Après avoir electro-évangélisé le monde au son de ses Rythmes Digitales, Jacques Lu Cont s’est enfermé dans ses studios (Reading et Maida Vale) pour mûrir durant une année une synthèse musicale inattendue qu’il dévoile aujourd’hui sous le surprenant patronyme de Zoot Woman. En digérant en bloc la froideur des rythmiques de Kraftwerk, quelques influences rétro (Freeze, Human League) ainsi qu’un souci du détail dans la production pioché chez Daryl Hall & John Oates, ce nouvel effort discographique recrée, à la faveur d’un revival des sons et attitudes des années 80, un mixage ultra-moderne de mélodies pop démodées et de science techno. Mais, alors que Les Rythmes Digitales était un concept plutôt orientée vers la musique de club, Zoot Woman est une expérience de groupe, plus largement basée sur l’attitude et la composition rock. Sortent aujourd’hui de ces studios, trois types fardés façon mid-80’s, fièrement vêtus de costards blancs, et arborant un sourire cynique qui fait largement écho au titre de l’album.

En dépit de cette attitude rétro, le propos de Living in a magazine n’est pas de porter à la face du public une nostalgie de ces années prolixes en expérimentations sonores, mais plutôt d’en étendre le principe à l’aune des possibilités électroniques de ce début de siècle, tout en conservant un goût prononcé pour des mélodies addictives et dansantes. Dès les premières notes de It’s automatic, on perçoit l’idée soigneusement pensée d’une extension du domaine des années 80 en version numérique. Mais à y regarder de plus près, la formation, composée des frères Blake (Johnny à la guitare, Adam aux claviers), et d’un Jacques « LRD » Lu Cont (planqué sous le pseudo de Stuart Price) maniant sèchement une basse minimaliste, pose ici un concept artistique total dont la musique n’est que la partie la plus saillante. Tout, des paroles étonnamment cyniques aux riffs soigneusement apprêtés, en passant par l’image parfaitement numérisée du groupe (autant dans son attitude scénique que dans ses clips), fait signe vers un monde masterisé par le cerveau insolent de quelque machine (la reprise dépoussiérée du Model de Kraftwerk, traversée par une guitare métallique). Bavant leurs sons sur la société du spectacle et le trop-plein d’informations qui l’accompagne, ils épinglent en musique un monde factice où tout est virtuel : les paroles, les relations humaines, les lettres d’amour, etc. (Nobody knows).
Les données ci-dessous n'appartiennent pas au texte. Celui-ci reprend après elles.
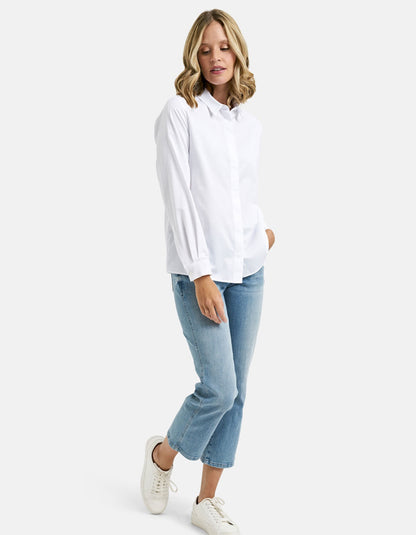 classic white shirt with button down front and collar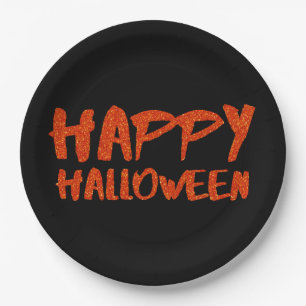 Prato De Papel Marcador de Brilho Laranja Feliz Halloween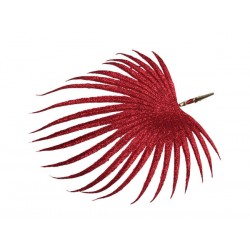 FOGLIA PALMA ROSSA GLITTER SU CLIP 27x25cm 6pz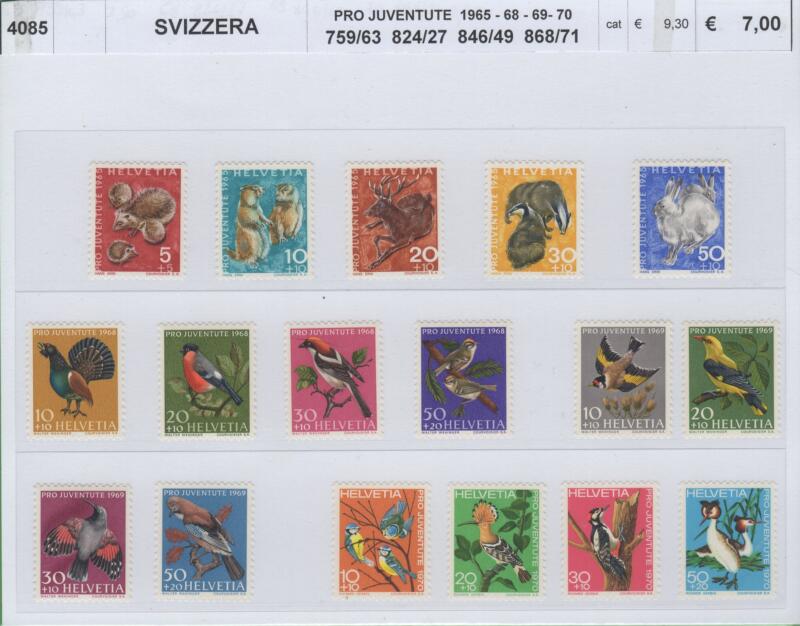 Francobolli Svizzera Anni 1965-1968-1969-1970 Pro Juventute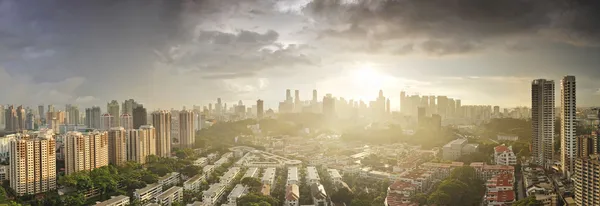 Letecké panorama Singapuru od tiong baruh oblasti Stock Snímky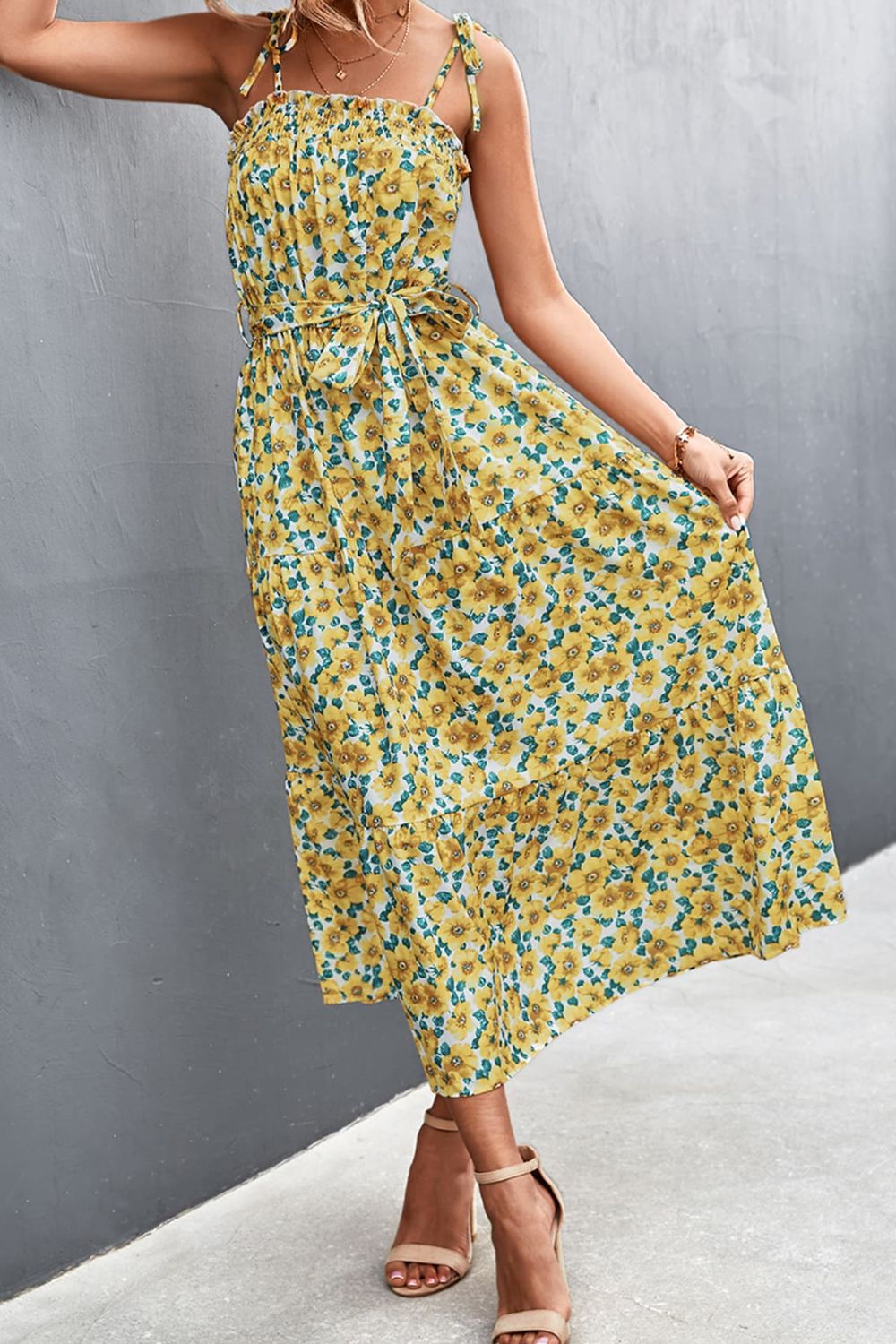 Buy Floral Tie-Shoulder Belted Dress by YO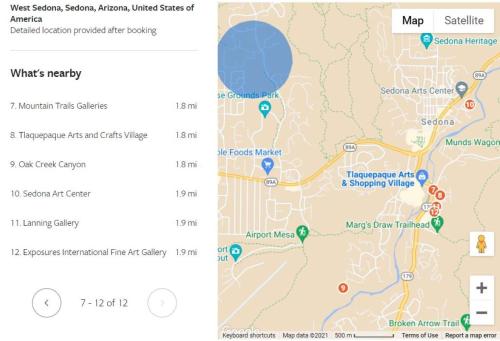 a screenshot of a map and a screenshot of a google maps at Red Rock Escape - Cozy King Bed Studio & Gardens, Trails, Views, Red Rock Pass in Sedona
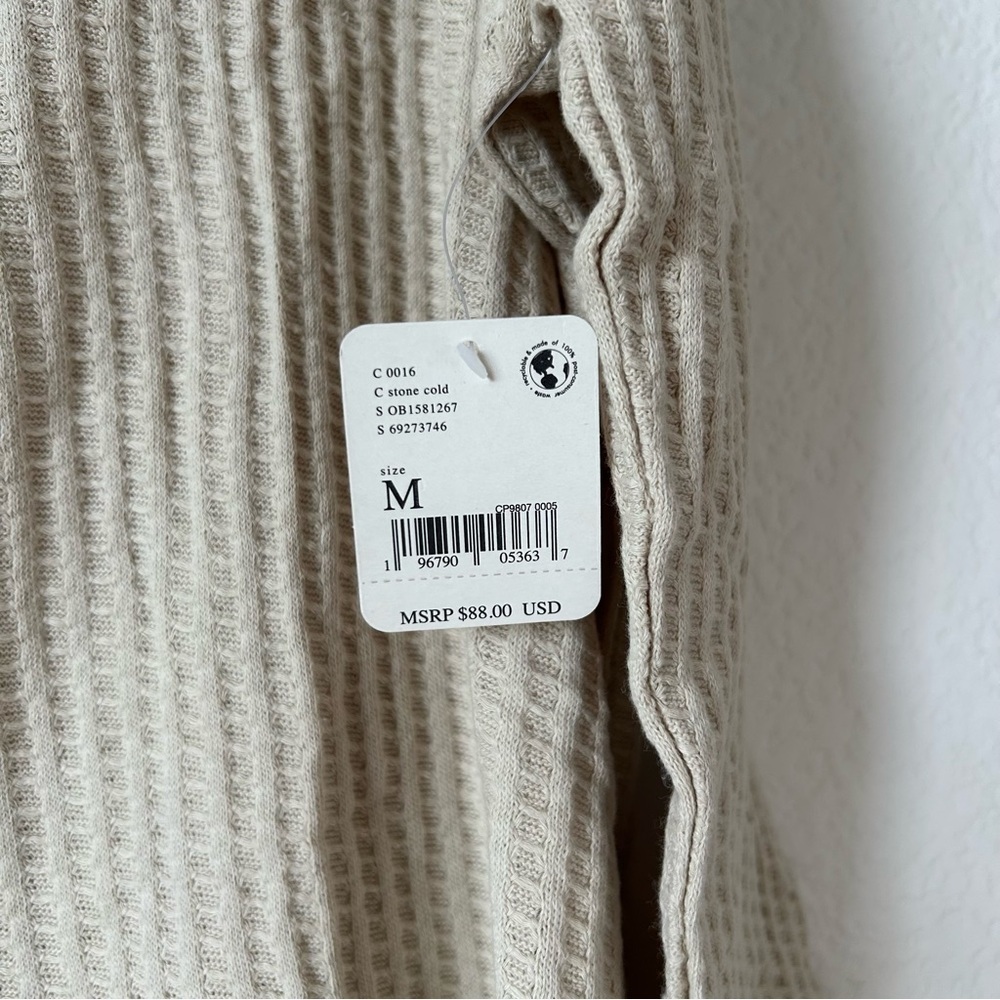 Free People Juicy Long Sleeve Oversized Waffle Knit Sweater in Stone Cold Beige - Picture 6 of 16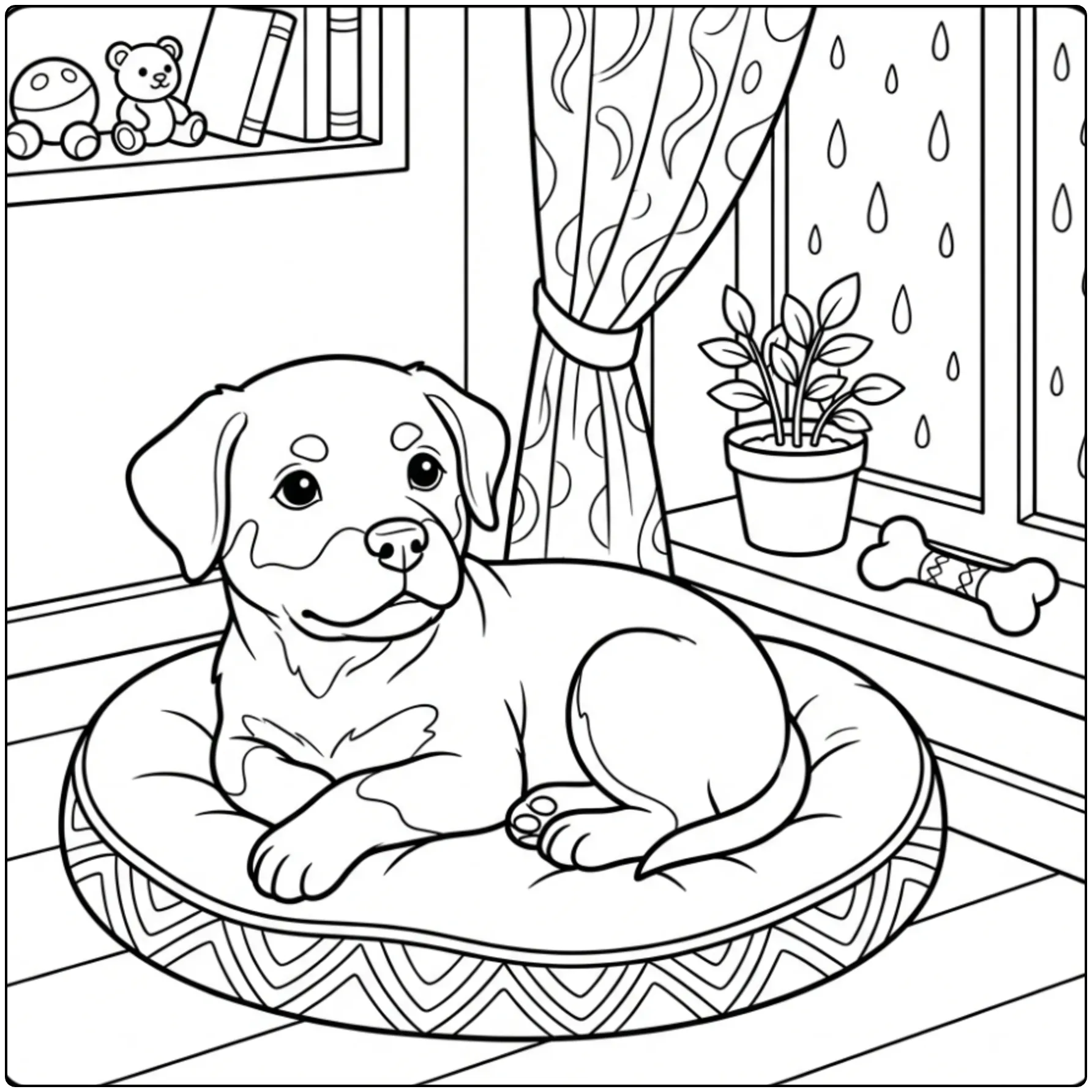 Realistic Rottweiler coloring page with dog on bed.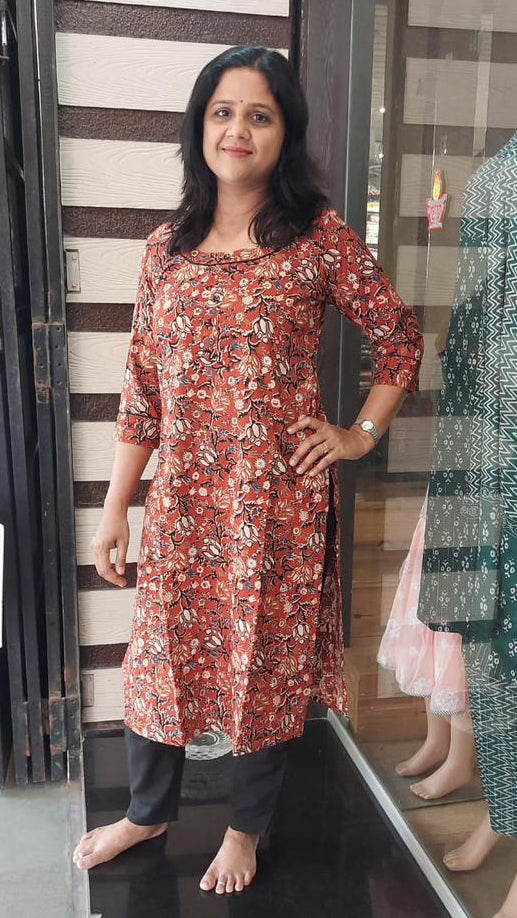 Maroon Pure Cotton Printed Cotton Kurta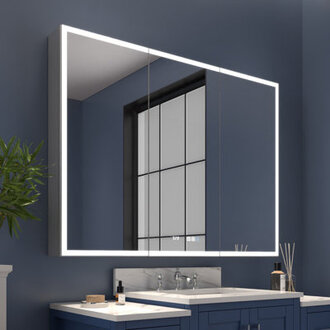 Clayvon 36 H 48 W LED Recessed or Surface Mount Frameless Medicine Cabinet with Mirror 6 Shelves Electrical Outlet and USB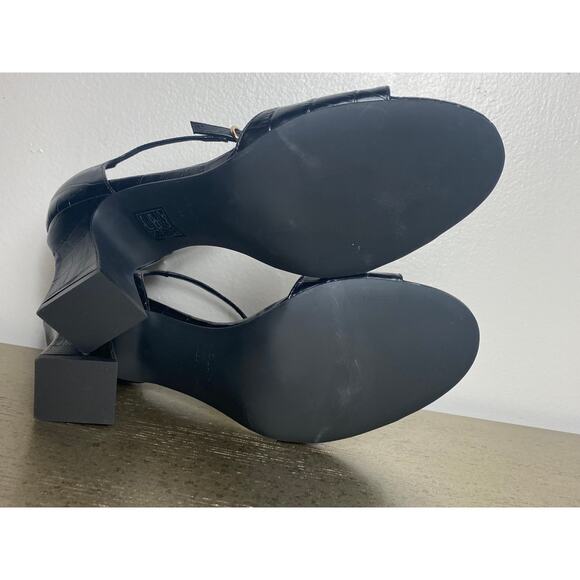 NEW AQUATALIA HEELS 9 BLACK LEATHER CROC MARY JANE FESTIVE HOLIDAYS QUIET LUXURY - Picture 14 of 16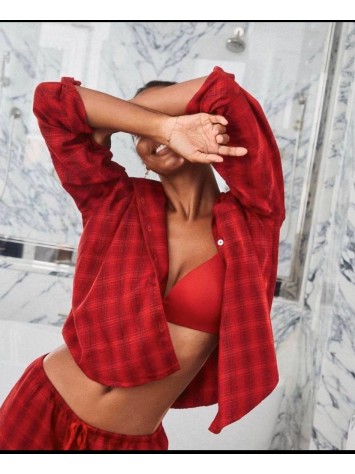 Фланелева піжама Victoria's Secret The Flannel PJ Set Red Shadow Plaid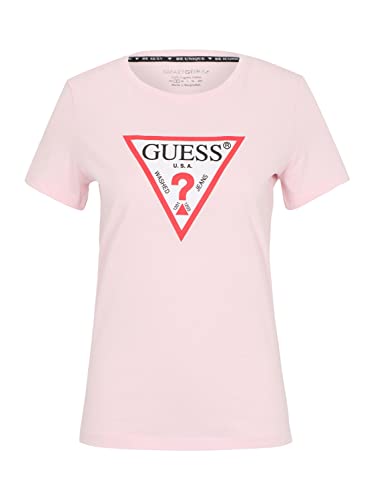 GUESS Camiseta para mujer, Rosa/Blanco/Negro/Rojo Fuego, M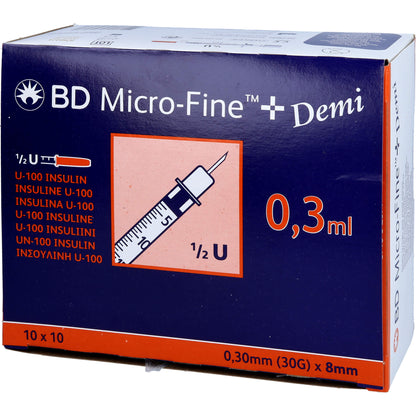 BD MICRO-FINE+ Insulinspr.0,3 ml U100 0,3x8 mm 100 St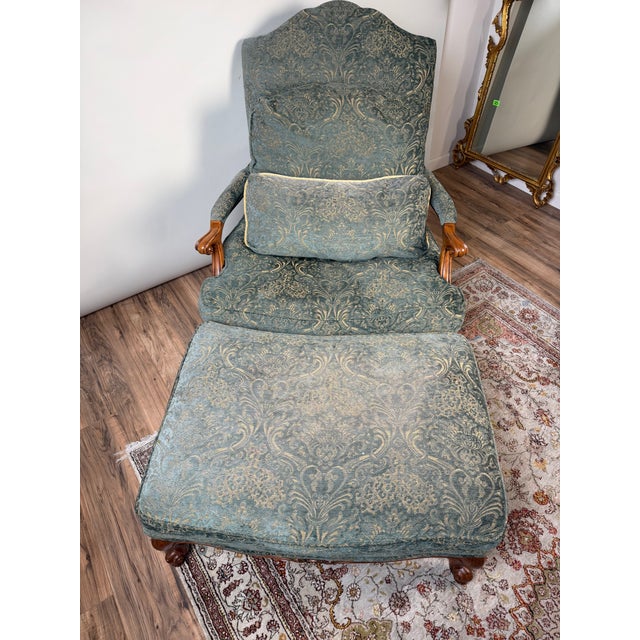 Lillian August Oversized French Bergère Lounge Chair & Ottoman, Down Filled For Sale - Image 10 of 11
La conception de leur musique fait d’ailleurs bizarrement écho à ces sombres idées. Dans ce monde indifférencié, façonné par des médias électroniques, même les éléments musicaux se mêlent, sans qu’on soit capable de faire la part des choses et de comprendre qui joue quoi. Entre guitares bidouillées et synthétiseurs aux mille voix, on parvient difficilement (voire pas du tout sur certains titres) à faire la part des choses entre ces diverses idées musicales muées en un tout étonnamment soudé, à l’image du riff central de Living in a magazine. Soutenu par une rythmique froide et minimaliste, le son de Zoot Woman recrée autour de ses idées rétro disséquées, étudiées et digérées, une pop moderne millimétrée, presque automatique -quelques notes rappellent par moments les mélodies de Roxy Music. Volontairement stupide par endroits, l’album crie haut et fort l’abrutissement inéluctable dans lequel notre monde se jette avec frénésie. Les accents misérabilistes et plaintifs de la voix aseptisée d’un Johnny Blake obsédé par la chose médiatique, épinglant au passage nos manies consuméristes, referment la boucle.

On regrettera parfois que l’album s’étire en longueur au son de riffs un peu trop semblables, tombant dans quelques redites vers la fin de l’album (Jessie). Malgré tout, par le truchement d’une démarche artistique impeccable, Zoot Woman est parvenu à créer un concept violemment pertinent et peaufiné jusque dans ses moindres détails. Une idée qui ne manquera pas de nous faire gamberger, sans laisser de côté nos envies de dancefloor.